Auftragnehmer sind deshalb gegenüber dem Auftraggeber verpflichtet, die Zustellung ihrer Emails durch die beteiligten Emailprovider als ihre Unterbeauftragten zu kontrollieren:
Wenn oben ausgeführt wurde, die steuerpflichtige Person sei verpflichtet, die vertragliche Vertretung sorgfältig auszuwählen, zu instruieren und das Arbeitsergebnis zu überprüfen (E. 3.4 hiervor), trifft dies gleichermassen auf die Rechtsbeziehung zwischen Ober- und Unter-Hilfsperson zu. Hier heisst dies, dass der Treuhänder verpflichtet ist, das Verhalten des Providers zu kontrollieren. Es wäre an ihm gelegen, das “Arbeitsergebnis” dahingehend zu überprüfen, ob die elektronische Nachricht den Weg zur steuerpflichtigen Person tatsächlich gefunden hat. Schwierigkeiten im Umgang mit Informatiksystemen wurden denn auch in der bisherigen Rechtsprechung nicht als Fristwiederherstellungsgründe anerkannt, auch dann nicht, wenn geltend gemacht wurde, sie seien auf das Verhalten von Hilfspersonen zurückzuführen (Urteile 8C_910/2008 vom 30. Januar 2009 E. 3.4, in: SVR 2009 UV 26 Nr. 95; 4P.171/1996 vom 14. Oktober 1996 E. 4b).

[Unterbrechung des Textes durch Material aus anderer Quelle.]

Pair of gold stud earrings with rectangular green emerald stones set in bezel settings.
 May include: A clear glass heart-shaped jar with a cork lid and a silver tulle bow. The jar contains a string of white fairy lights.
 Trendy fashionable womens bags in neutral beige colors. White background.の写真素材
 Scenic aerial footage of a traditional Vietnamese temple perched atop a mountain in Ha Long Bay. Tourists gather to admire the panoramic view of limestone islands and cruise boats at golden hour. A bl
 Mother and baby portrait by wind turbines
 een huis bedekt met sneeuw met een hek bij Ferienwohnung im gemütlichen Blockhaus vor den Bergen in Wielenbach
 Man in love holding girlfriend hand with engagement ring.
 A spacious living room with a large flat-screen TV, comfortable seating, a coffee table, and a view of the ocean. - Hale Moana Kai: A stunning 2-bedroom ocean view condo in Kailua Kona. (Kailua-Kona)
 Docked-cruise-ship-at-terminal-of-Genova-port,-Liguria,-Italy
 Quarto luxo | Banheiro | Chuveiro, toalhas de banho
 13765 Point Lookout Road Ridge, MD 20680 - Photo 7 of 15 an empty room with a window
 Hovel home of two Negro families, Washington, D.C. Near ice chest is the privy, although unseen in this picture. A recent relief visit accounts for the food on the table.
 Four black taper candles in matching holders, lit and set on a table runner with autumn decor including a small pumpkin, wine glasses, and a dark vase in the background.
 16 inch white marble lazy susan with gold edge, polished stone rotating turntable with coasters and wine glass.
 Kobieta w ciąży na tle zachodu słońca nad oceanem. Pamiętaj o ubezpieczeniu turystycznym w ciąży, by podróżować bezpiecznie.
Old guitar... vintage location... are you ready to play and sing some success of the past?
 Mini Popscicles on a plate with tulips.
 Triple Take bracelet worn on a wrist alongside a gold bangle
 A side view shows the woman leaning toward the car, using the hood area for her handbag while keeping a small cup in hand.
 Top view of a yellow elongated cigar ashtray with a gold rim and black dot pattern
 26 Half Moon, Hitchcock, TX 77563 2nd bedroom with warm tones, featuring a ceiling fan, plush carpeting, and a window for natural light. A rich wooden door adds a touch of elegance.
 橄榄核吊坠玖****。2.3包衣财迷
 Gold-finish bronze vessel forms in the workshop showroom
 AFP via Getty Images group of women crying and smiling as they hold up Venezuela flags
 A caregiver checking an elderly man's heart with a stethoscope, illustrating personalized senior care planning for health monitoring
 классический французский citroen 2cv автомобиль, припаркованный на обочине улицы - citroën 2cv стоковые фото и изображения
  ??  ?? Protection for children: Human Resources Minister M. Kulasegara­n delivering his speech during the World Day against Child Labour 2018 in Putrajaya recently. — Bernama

Der Beauftragte darf auch nicht darauf vertrauen, dass er bei Zustellungsproblemen eine Fehlermeldung erhält:
4.3 Der Treuhänder der steuerpflichtigen Person bringt vor, ihm sei keine Fehlermeldung (über die nicht erfolgte Zustellung der elektronischen Nachricht an den Empfänger) zugegangen. Ist es unter den heute gängigen Standards unerlässlich, die Übermittlung auf andere, primär wohl herkömmliche Weise (telefonisch, postalisch etc.) zu verifizieren, erscheint es als wenig sinnvoll, auf das Eintreffen einer Fehlermeldung oder einer Zustellungsbestätigung zu vertrauen. Anders, als die steuerpflichtige Person und mit ihr der Treuhänder annimmt, genügt es zur Überwälzung der Verantwortung auf eine Sub-Hilfsperson (“Provider”) angesichts der technischen Unzulänglichkeiten der elektronischen Übermittlung, wie sie heute besteht, jedenfalls nicht, wenn der Unter-Hilfsperson (Provider) eine E‑Mail-Nachricht zuhanden der steuerpflichtigen Person übergeben wird. Der (Ober-)Hilfsperson ist im Sinne der geschilderten Zurechnungslehre schuldhaftes Verhalten vorzuwerfen. Der Treuhänder und mit ihr die steuerpflichtige Person vermögen keine objektiven oder subjektiven Gründe vorzubringen, welche das vom Vertreter gewählte Vorgehen als angemessen erscheinen liessen. Weder war es “sorgfältig” im Sinne des Auftragsrechts, noch damit “(klar) schuldlos” gemäss den Regeln über die Wiedereinsetzung in den früheren Stand.